The Indian Computer Emergency Response Team (CERT-In) issued a recent alert on November 14, 2025, highlighting multiple critical vulnerabilities in Zoom applications used across Windows, macOS, Android, and iOS platforms, reports News18.

These security flaws allow hackers to bypass Zoom’s security layers, potentially enabling unauthorised data access and execution of malicious code. CERT-In strongly urges users to update Zoom apps immediately to the latest versions. Zoom has released patches addressing these issues, reinforcing the need for prompt updates to maintain security.

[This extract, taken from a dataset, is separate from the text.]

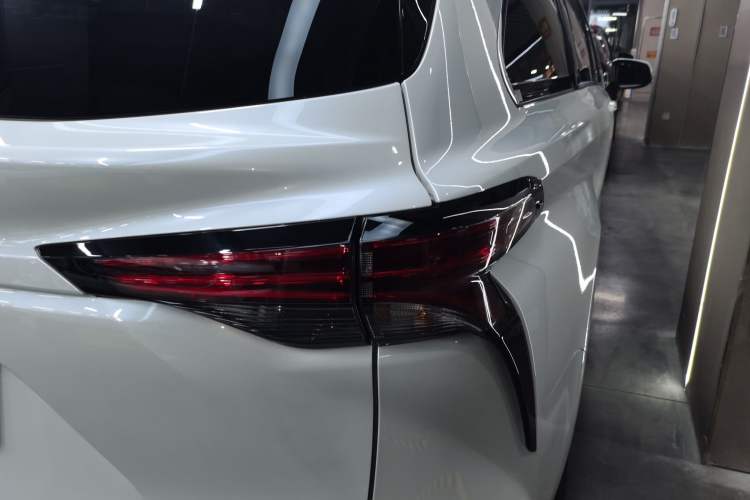 Used Toyota SIENNA 2024 2.5L Hybrid Four-Wheel Drive Prestige Edition Right Rear Taillight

Overview of Zoom Vulnerabilities

CERT-In’s advisory points to vulnerabilities involving improper cryptographic signature verification, faulty certificate validation, external control of file names, and inadequate authorisation handling in various Zoom Workplace clients and plugins.

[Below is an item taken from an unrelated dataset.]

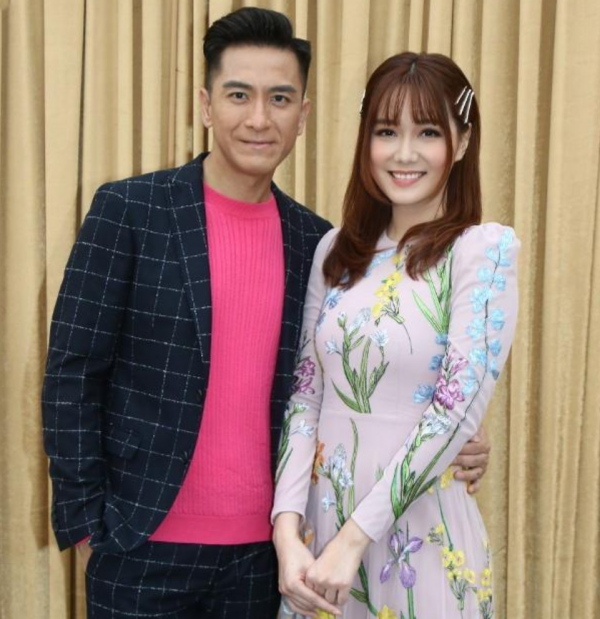 馬國明出席活動大秀恩愛，貼心攙扶受傷的女友，笑言：像懷孕一樣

The affected products include Zoom Workplace for macOS, Windows, Android, and their respective VDI clients before version 6.5.10.

Hackers exploiting these loopholes could escalate privileges, conduct cross-site scripting attacks, or steal sensitive information, compromising both personal users and enterprises relying on Zoom for communication, including remote work and online education.

Official Responses and Latest Updates

Zoom acknowledged these high-severity issues in a series of security bulletins, releasing patches across platforms in November 2025. The company and CERT-In jointly stress the importance of updating Zoom software to the latest versions, specifying that older versions remain exploitable.

Security experts from firms like Mandiant helped identify and remediate these breaches. Despite no public reports of active exploitation yet, the vulnerabilities present a significant risk. CERT-In continues to monitor and collaborate with Zoom for swift fixes. Users have been advised to be cautious with unexpected meeting links and to apply updates without delay.

Staying Safe in a Digital World

Given the persistent emergence of security flaws in essential communication tools, users should prioritise keeping software up to date to protect against exploitation.

Beyond updates, experts recommend adopting strong passwords, enabling two-factor authentication where possible, and avoiding clicking on suspicious links or meeting invitations.

Organisations must ensure IT teams deploy patches promptly and educate employees about cyber hygiene. Regular security audits and vigilance remain key defences in safeguarding personal and business data during increasingly digital interactions.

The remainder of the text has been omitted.